Friday, October 15, 2010

Improving the design of existing code by refactoring

Another software engineering book I read recently is "Refactoring: Improving the Design of Existing Code" by Martin Fowler. According to the author,
Refactoring is the process of changing a software system in such a way that it does not alter the external behavior of the code yet improve its internal structure. It is a disciplined way to clean up code that minimize the chances of introducing bugs. In essence when you refractor you are improving the design of the code after it has been written.

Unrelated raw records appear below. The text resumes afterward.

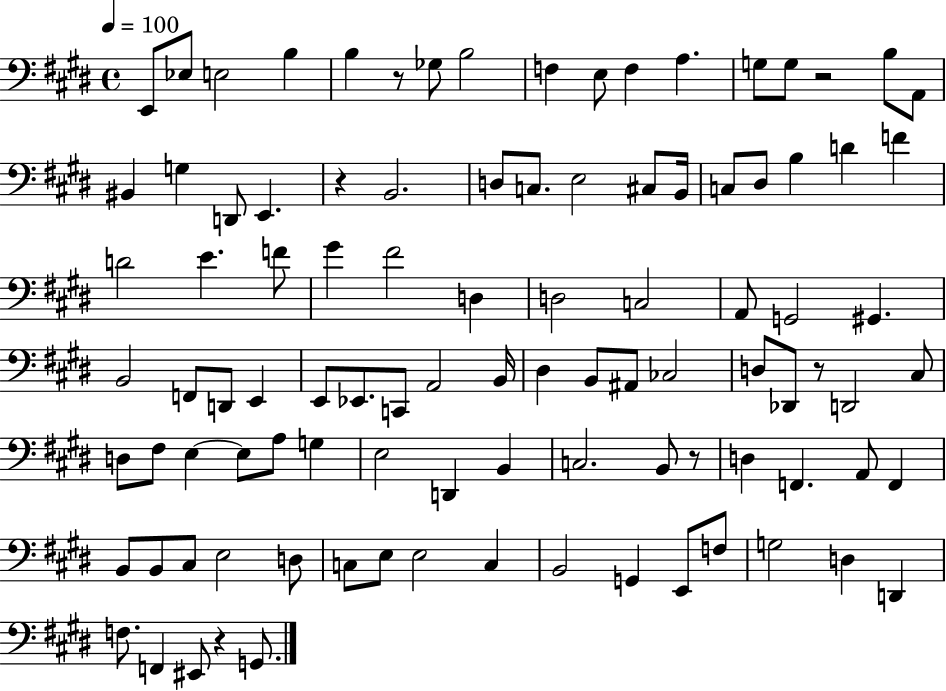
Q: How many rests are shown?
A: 6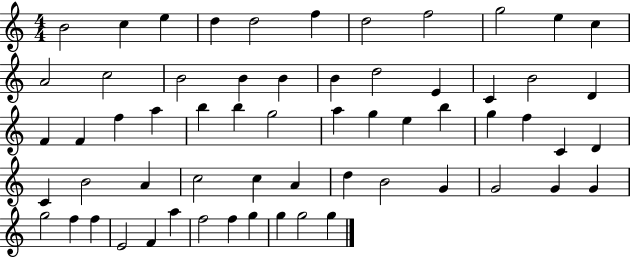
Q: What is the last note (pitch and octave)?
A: G5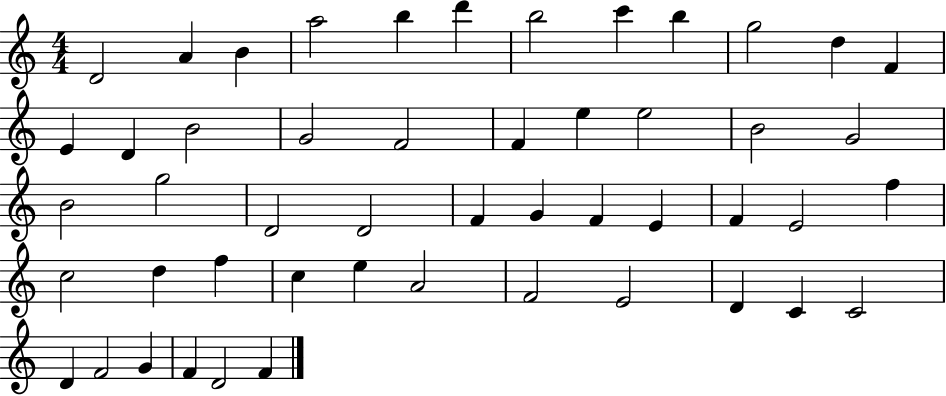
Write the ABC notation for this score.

X:1
T:Untitled
M:4/4
L:1/4
K:C
D2 A B a2 b d' b2 c' b g2 d F E D B2 G2 F2 F e e2 B2 G2 B2 g2 D2 D2 F G F E F E2 f c2 d f c e A2 F2 E2 D C C2 D F2 G F D2 F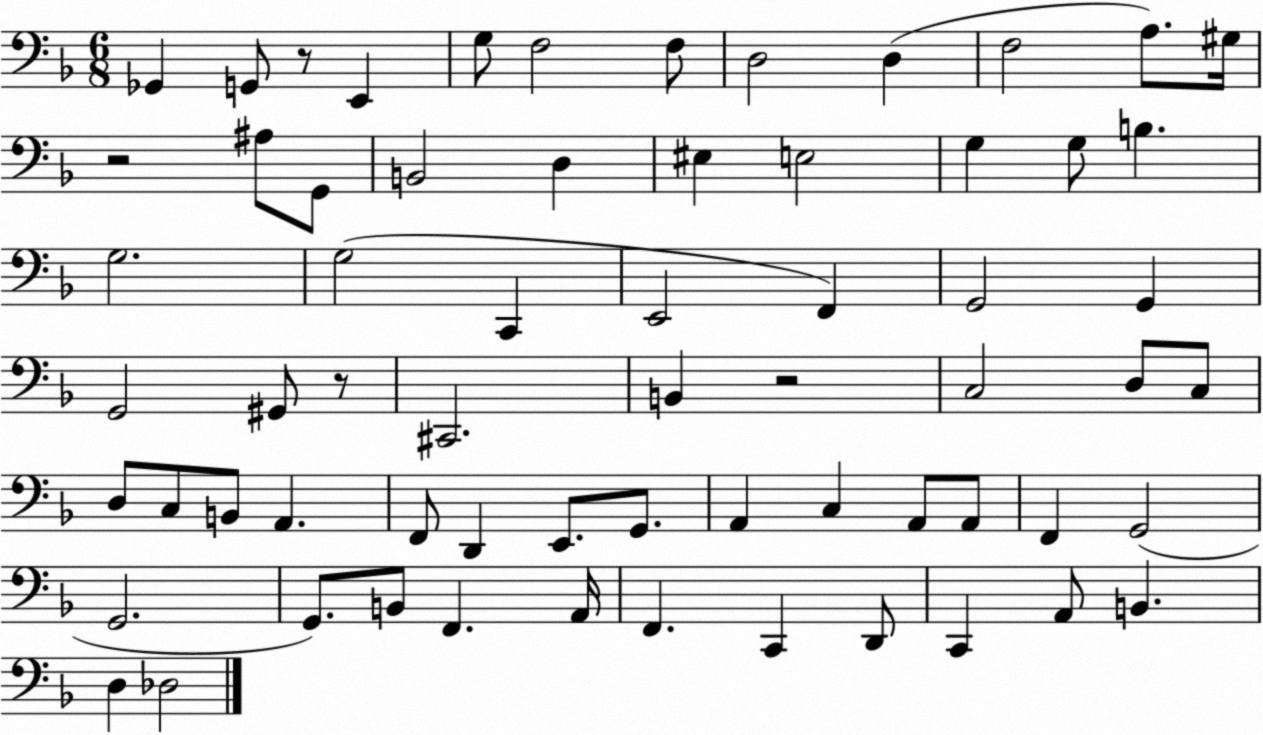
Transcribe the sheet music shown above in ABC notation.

X:1
T:Untitled
M:6/8
L:1/4
K:F
_G,, G,,/2 z/2 E,, G,/2 F,2 F,/2 D,2 D, F,2 A,/2 ^G,/4 z2 ^A,/2 G,,/2 B,,2 D, ^E, E,2 G, G,/2 B, G,2 G,2 C,, E,,2 F,, G,,2 G,, G,,2 ^G,,/2 z/2 ^C,,2 B,, z2 C,2 D,/2 C,/2 D,/2 C,/2 B,,/2 A,, F,,/2 D,, E,,/2 G,,/2 A,, C, A,,/2 A,,/2 F,, G,,2 G,,2 G,,/2 B,,/2 F,, A,,/4 F,, C,, D,,/2 C,, A,,/2 B,, D, _D,2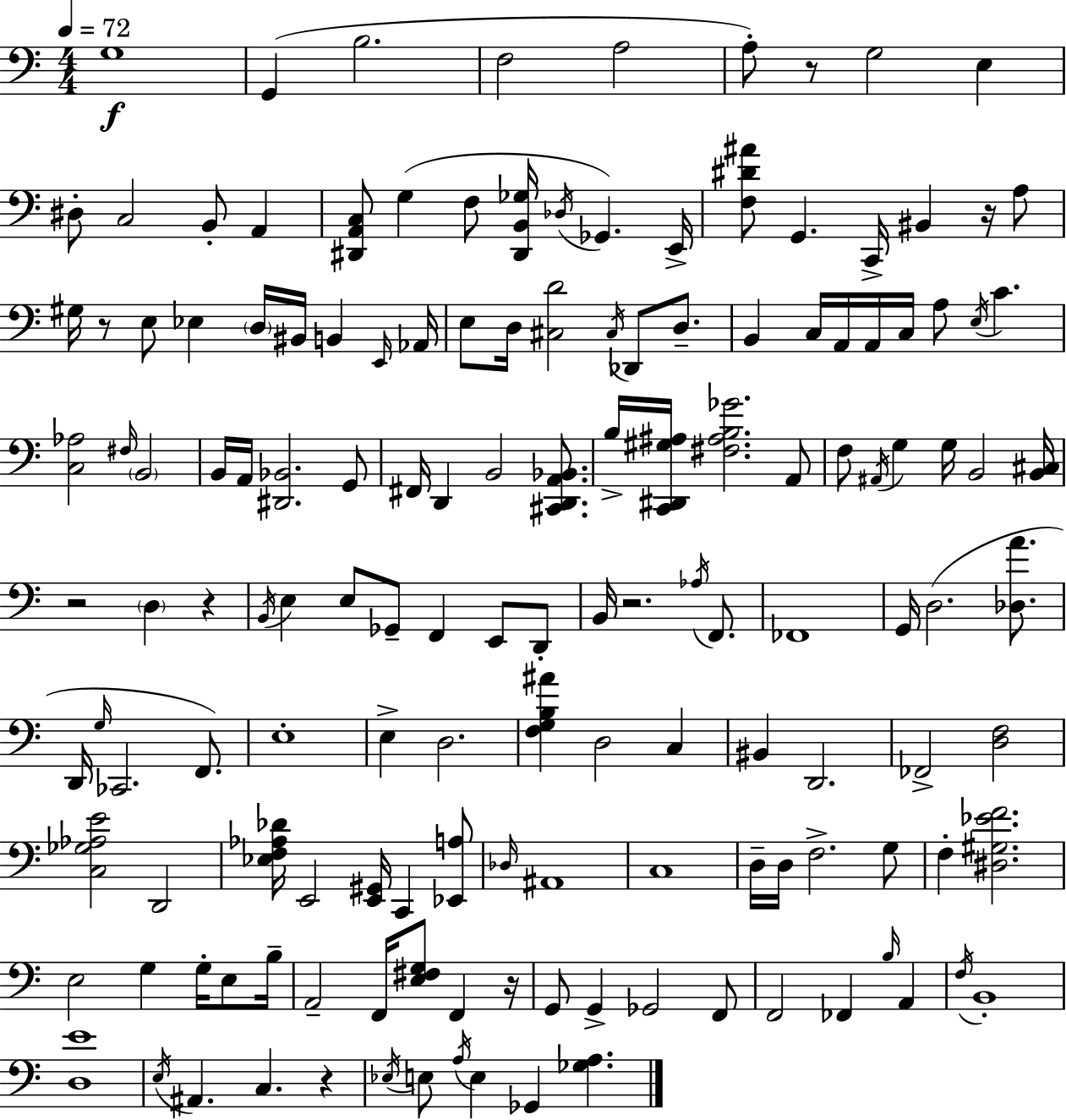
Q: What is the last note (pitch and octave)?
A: Gb2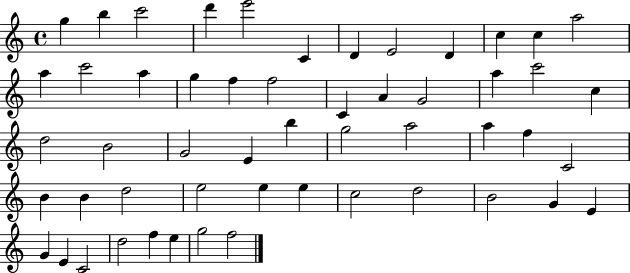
{
  \clef treble
  \time 4/4
  \defaultTimeSignature
  \key c \major
  g''4 b''4 c'''2 | d'''4 e'''2 c'4 | d'4 e'2 d'4 | c''4 c''4 a''2 | \break a''4 c'''2 a''4 | g''4 f''4 f''2 | c'4 a'4 g'2 | a''4 c'''2 c''4 | \break d''2 b'2 | g'2 e'4 b''4 | g''2 a''2 | a''4 f''4 c'2 | \break b'4 b'4 d''2 | e''2 e''4 e''4 | c''2 d''2 | b'2 g'4 e'4 | \break g'4 e'4 c'2 | d''2 f''4 e''4 | g''2 f''2 | \bar "|."
}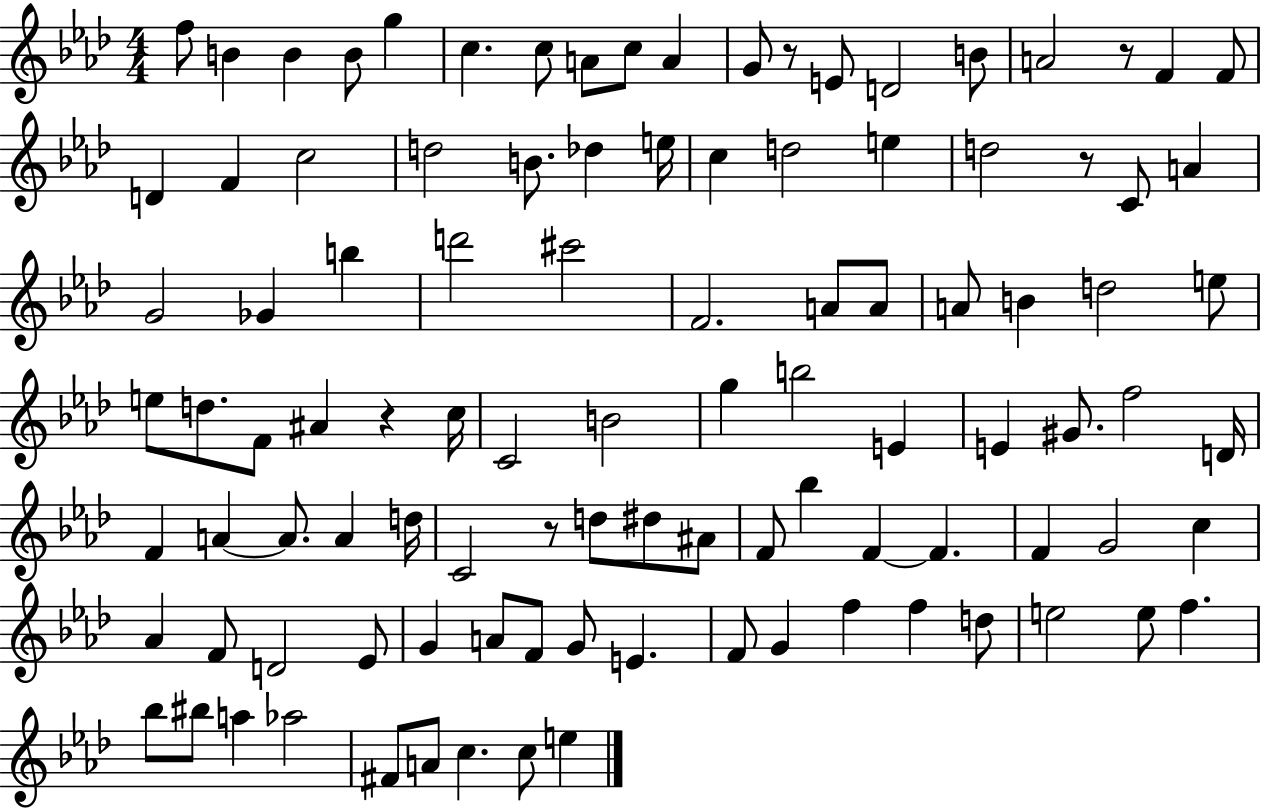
F5/e B4/q B4/q B4/e G5/q C5/q. C5/e A4/e C5/e A4/q G4/e R/e E4/e D4/h B4/e A4/h R/e F4/q F4/e D4/q F4/q C5/h D5/h B4/e. Db5/q E5/s C5/q D5/h E5/q D5/h R/e C4/e A4/q G4/h Gb4/q B5/q D6/h C#6/h F4/h. A4/e A4/e A4/e B4/q D5/h E5/e E5/e D5/e. F4/e A#4/q R/q C5/s C4/h B4/h G5/q B5/h E4/q E4/q G#4/e. F5/h D4/s F4/q A4/q A4/e. A4/q D5/s C4/h R/e D5/e D#5/e A#4/e F4/e Bb5/q F4/q F4/q. F4/q G4/h C5/q Ab4/q F4/e D4/h Eb4/e G4/q A4/e F4/e G4/e E4/q. F4/e G4/q F5/q F5/q D5/e E5/h E5/e F5/q. Bb5/e BIS5/e A5/q Ab5/h F#4/e A4/e C5/q. C5/e E5/q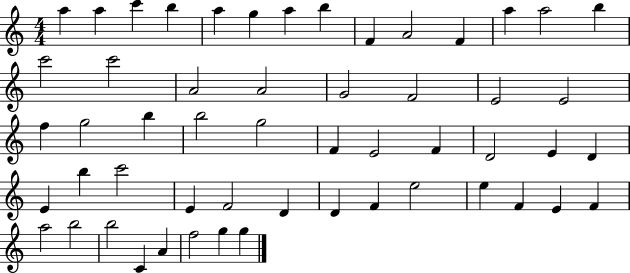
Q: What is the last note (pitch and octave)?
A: G5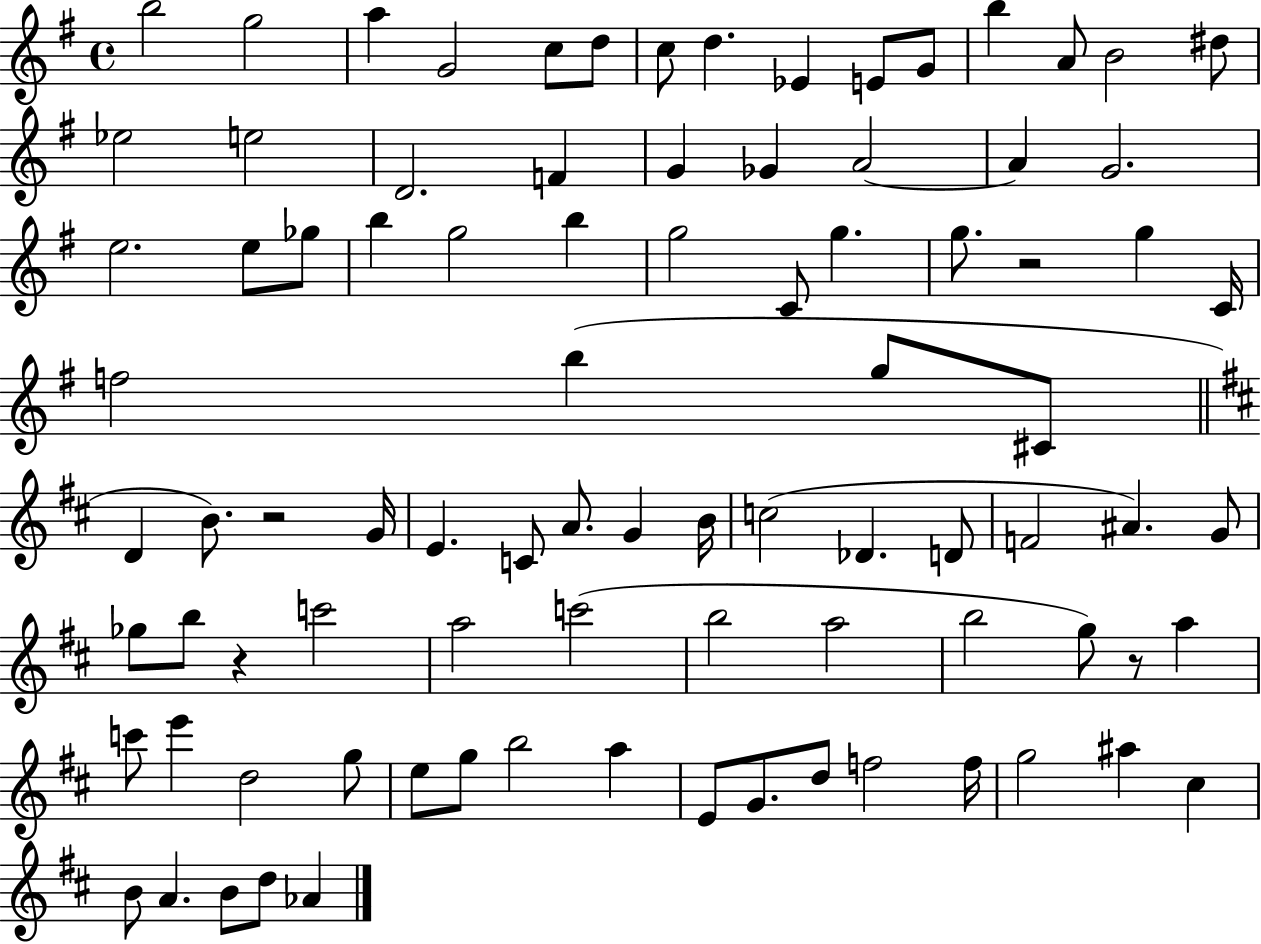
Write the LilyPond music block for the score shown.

{
  \clef treble
  \time 4/4
  \defaultTimeSignature
  \key g \major
  b''2 g''2 | a''4 g'2 c''8 d''8 | c''8 d''4. ees'4 e'8 g'8 | b''4 a'8 b'2 dis''8 | \break ees''2 e''2 | d'2. f'4 | g'4 ges'4 a'2~~ | a'4 g'2. | \break e''2. e''8 ges''8 | b''4 g''2 b''4 | g''2 c'8 g''4. | g''8. r2 g''4 c'16 | \break f''2 b''4( g''8 cis'8 | \bar "||" \break \key d \major d'4 b'8.) r2 g'16 | e'4. c'8 a'8. g'4 b'16 | c''2( des'4. d'8 | f'2 ais'4.) g'8 | \break ges''8 b''8 r4 c'''2 | a''2 c'''2( | b''2 a''2 | b''2 g''8) r8 a''4 | \break c'''8 e'''4 d''2 g''8 | e''8 g''8 b''2 a''4 | e'8 g'8. d''8 f''2 f''16 | g''2 ais''4 cis''4 | \break b'8 a'4. b'8 d''8 aes'4 | \bar "|."
}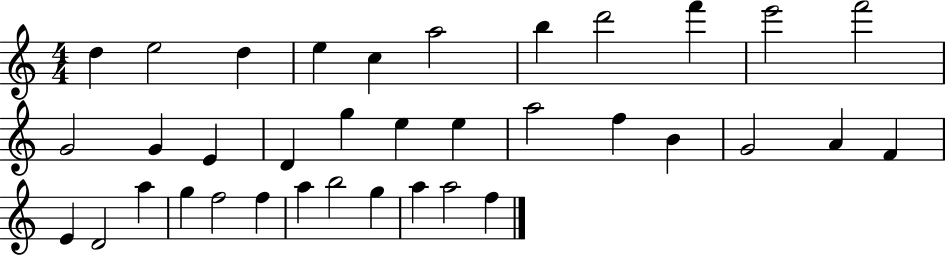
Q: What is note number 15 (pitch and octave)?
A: D4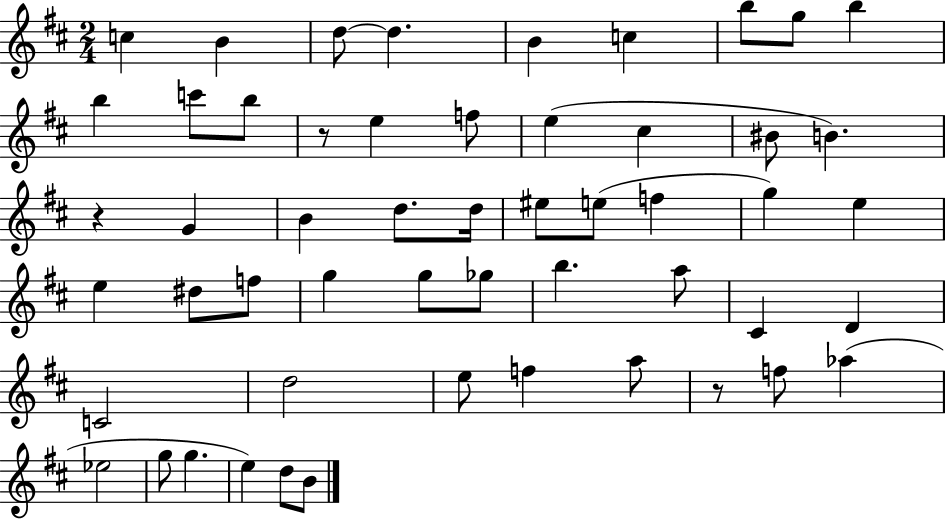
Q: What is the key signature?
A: D major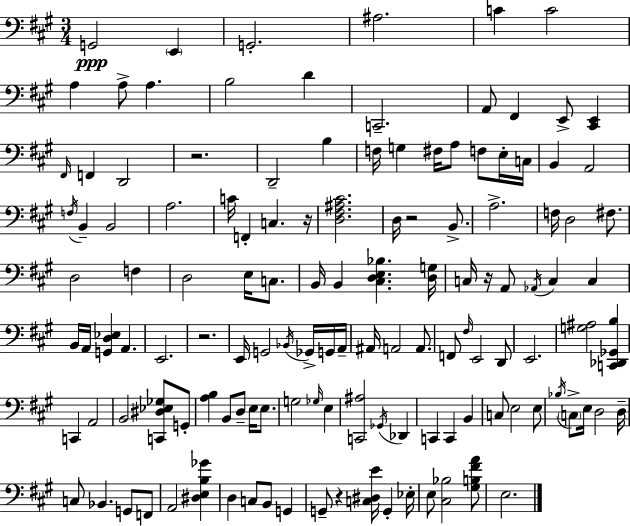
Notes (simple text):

G2/h E2/q G2/h. A#3/h. C4/q C4/h A3/q A3/e A3/q. B3/h D4/q C2/h. A2/e F#2/q E2/e [C#2,E2]/q F#2/s F2/q D2/h R/h. D2/h B3/q F3/s G3/q F#3/s A3/e F3/e E3/s C3/s B2/q A2/h F3/s B2/q B2/h A3/h. C4/s F2/q C3/q. R/s [D3,F#3,A#3,C#4]/h. D3/s R/h B2/e. A3/h. F3/s D3/h F#3/e. D3/h F3/q D3/h E3/s C3/e. B2/s B2/q [C#3,D3,E3,Bb3]/q. [D3,G3]/s C3/s R/s A2/e Ab2/s C3/q C3/q B2/s A2/s [G2,D3,Eb3]/q A2/q. E2/h. R/h. E2/s G2/h Bb2/s Gb2/s G2/s A2/s A#2/s A2/h A2/e. F2/e F#3/s E2/h D2/e E2/h. [G3,A#3]/h [C2,Db2,Gb2,B3]/q C2/q A2/h B2/h [C2,D#3,Eb3,Gb3]/e G2/e [A3,B3]/q B2/e D3/e E3/s E3/e. G3/h Gb3/s E3/q [C2,A#3]/h Gb2/s Db2/q C2/q C2/q B2/q C3/e E3/h E3/e Bb3/s C3/e E3/s D3/h D3/s C3/e Bb2/q. G2/e F2/e A2/h [D#3,E3,B3,Gb4]/q D3/q C3/e B2/e G2/q G2/e R/q [C3,D#3,E4]/s G2/q Eb3/s E3/e [C#3,Bb3]/h [G#3,B3,F#4,A4]/e E3/h.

The book is practical in nature; it not just explains the principles but provides a detailed account of over 70 commonly used refactorings. As vividly explained by the author in the first paragraph of Chapter 1, "Refactoring, a First Example", "it is with examples that I [the author] can see what is going on." This approach fits my style perfectly: to really understand a topic, I always find a worked example far more effective than general principles. While the examples in the book are illustrated in Java, the basic ideas can be applied well to other object-oriented or even procedural languages (such as C).

Over the years since I left Dr. Olson's laboratory at Rutgers, I have been maintaining and continuously refining 3DNA. I have taken each user's question as an opportunity to fix bugs and improve its design, thus making the code more robust and efficient. The majority of my efforts, as I now realize, is "refactoring" existing 3DNA code to make it easier to maintain and extend. Reading through this book gives me the chance to put my practices into a broader context. I will surely take advantage of some refactoring examples from the book for further refinements of 3DNA.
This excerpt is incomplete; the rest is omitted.